Tudo isto se conta numa narrativa solidamente estruturada, que vai agarrando cada pequeno episódio sem nunca perder o quadro geral, e onde as pranchas e a progressão de cenas se organizam meticulosamente. Nunsky tem esta particularidade de trabalhar registos pouco unânimes em termos temáticos, mas sempre com uma mise-en-pâge de pendor clássico, se assim lhe podemos chamar, onde o traço realista e o rigoroso trabalho de luz e sombra são sempre exemplares. É nessa composição meticulosa que cresce uma narrativa visualmente densa, cheia de zonas escuras, sons desanimados e personagens que procuram distanciar-se do mundo que lhes parece pouco propício a uma existência plena. E cresce, também, a certeza de que o que alimenta os laços do grupo pode ser a música, o existencialismo dark ou a vontade de tocar ao vivo, mas é sobretudo uma imensa ternura devidamente escondida sobre as cartolas vitorianas, os pentângulos invertidos e os muitos adereços que encenam a tribo gótica pelas ruas da Ribeira portuense.

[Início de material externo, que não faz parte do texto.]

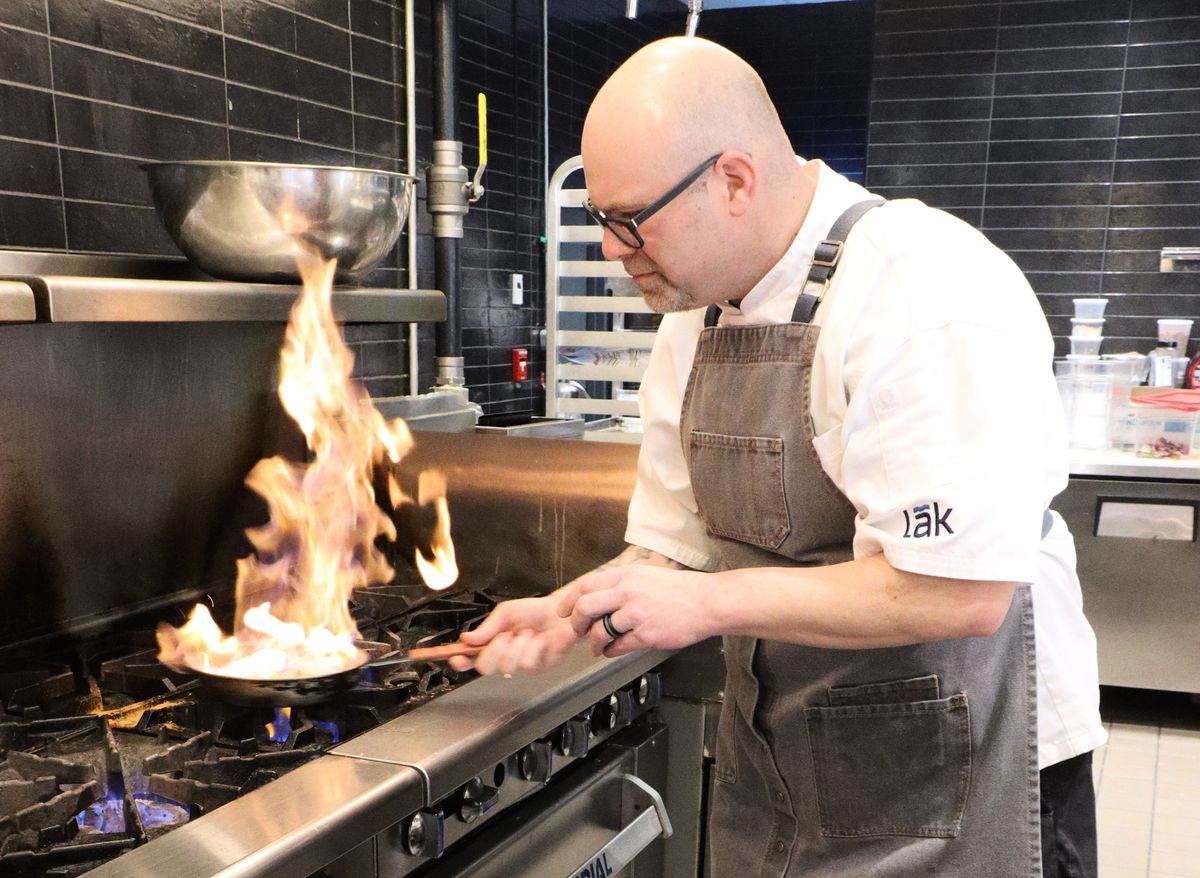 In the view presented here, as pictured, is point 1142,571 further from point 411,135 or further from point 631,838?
point 411,135

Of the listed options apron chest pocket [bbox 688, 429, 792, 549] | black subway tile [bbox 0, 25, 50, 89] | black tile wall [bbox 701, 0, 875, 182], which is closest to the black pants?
apron chest pocket [bbox 688, 429, 792, 549]

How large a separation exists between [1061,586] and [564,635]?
26.8 inches

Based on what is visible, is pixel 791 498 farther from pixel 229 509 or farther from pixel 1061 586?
pixel 229 509

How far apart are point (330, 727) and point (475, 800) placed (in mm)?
228

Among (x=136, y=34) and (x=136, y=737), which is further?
(x=136, y=34)

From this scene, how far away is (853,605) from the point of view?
1.22 m

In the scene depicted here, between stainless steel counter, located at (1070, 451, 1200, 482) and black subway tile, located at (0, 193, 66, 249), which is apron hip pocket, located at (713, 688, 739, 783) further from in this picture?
stainless steel counter, located at (1070, 451, 1200, 482)

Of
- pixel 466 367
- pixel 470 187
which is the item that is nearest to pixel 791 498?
pixel 470 187

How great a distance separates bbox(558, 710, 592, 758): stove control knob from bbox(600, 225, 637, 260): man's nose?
753 mm

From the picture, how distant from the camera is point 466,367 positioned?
14.3 feet

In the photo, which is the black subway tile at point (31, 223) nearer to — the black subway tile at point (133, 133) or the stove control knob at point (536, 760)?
the black subway tile at point (133, 133)

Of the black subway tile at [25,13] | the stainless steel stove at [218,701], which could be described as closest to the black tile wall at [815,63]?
the stainless steel stove at [218,701]

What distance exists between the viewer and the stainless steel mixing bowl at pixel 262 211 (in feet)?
5.44

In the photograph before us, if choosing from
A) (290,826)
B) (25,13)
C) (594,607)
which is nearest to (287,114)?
(25,13) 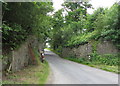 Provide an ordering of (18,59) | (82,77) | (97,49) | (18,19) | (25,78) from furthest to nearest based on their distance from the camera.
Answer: (97,49), (18,59), (18,19), (82,77), (25,78)

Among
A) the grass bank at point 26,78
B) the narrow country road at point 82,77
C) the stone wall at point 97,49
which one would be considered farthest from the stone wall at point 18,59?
the stone wall at point 97,49

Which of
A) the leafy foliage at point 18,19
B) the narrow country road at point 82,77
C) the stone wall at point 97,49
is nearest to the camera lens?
the narrow country road at point 82,77

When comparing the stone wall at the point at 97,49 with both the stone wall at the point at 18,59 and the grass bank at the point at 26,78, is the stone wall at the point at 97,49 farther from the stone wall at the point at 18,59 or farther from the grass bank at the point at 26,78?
the grass bank at the point at 26,78

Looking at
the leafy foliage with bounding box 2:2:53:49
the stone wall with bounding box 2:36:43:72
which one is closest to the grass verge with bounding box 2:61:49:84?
the stone wall with bounding box 2:36:43:72

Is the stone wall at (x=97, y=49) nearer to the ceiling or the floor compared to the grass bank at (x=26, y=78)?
nearer to the ceiling

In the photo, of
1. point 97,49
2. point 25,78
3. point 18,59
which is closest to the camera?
point 25,78

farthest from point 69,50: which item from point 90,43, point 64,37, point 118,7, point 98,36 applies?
point 118,7

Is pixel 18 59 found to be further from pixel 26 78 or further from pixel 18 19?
pixel 18 19

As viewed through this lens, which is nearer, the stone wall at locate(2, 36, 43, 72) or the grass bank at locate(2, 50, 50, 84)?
the grass bank at locate(2, 50, 50, 84)

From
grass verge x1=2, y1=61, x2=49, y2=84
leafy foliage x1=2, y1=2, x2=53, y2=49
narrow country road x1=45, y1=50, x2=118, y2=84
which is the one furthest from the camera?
leafy foliage x1=2, y1=2, x2=53, y2=49

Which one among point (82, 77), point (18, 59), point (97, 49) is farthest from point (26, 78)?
point (97, 49)

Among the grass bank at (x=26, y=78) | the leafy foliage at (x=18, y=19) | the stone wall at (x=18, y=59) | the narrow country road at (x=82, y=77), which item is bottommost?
the narrow country road at (x=82, y=77)

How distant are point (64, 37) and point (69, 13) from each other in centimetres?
673

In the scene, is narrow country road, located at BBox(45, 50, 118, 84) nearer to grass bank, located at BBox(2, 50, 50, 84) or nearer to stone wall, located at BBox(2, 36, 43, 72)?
grass bank, located at BBox(2, 50, 50, 84) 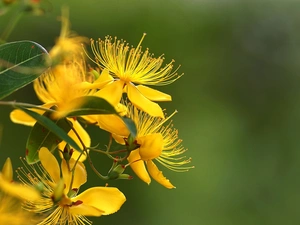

Desengane-se quem pensa que este é um livro de nicho, pensado para quem andou pelas noites góticas ou pela música de Bauhaus ou Love and Rockets. Companheiros da Penumbra é uma ode às partilhas intensas da juventude, e não necessariamente da juventude gótica. Por trás das roupas negras, dos adereços e dos ambientes existencialistas marcados por um determinado tipo de música, o que lemos nestas pranchas é universal, não se fecha numa qualquer tribo, ainda que a linguagem partilhada dessa tribo ajude a definir o enredo e a estruturar o seu desenvolvimento. Por outro lado, há neste livro uma presença tão forte da cidade do Porto que impossível assumir a geografia apenas como um elemento narrativo; na verdade, o Porto é aqui mais do que cenário, uma espécie de seiva que dá configuração a estas vivências e aos episódios lembrados. E tal como o grupo de personagens no centro da história, também a cidade é uma memória que se convoca como parte de uma construção identitária, e não tanto como uma nostalgia. Toda a narrativa de Companheiros da Penumbra assenta nesse gesto de olhar o passado, não com o olhar do saudosismo mais plano, mas como parte integrante do que se foi construindo – com as lembranças, as festas, as descobertas e as dores que se foram acumulando – e que agora é também presente, ainda que as roupas pretas e os adereços soturnos tenham ficado esquecidos nas gavetas.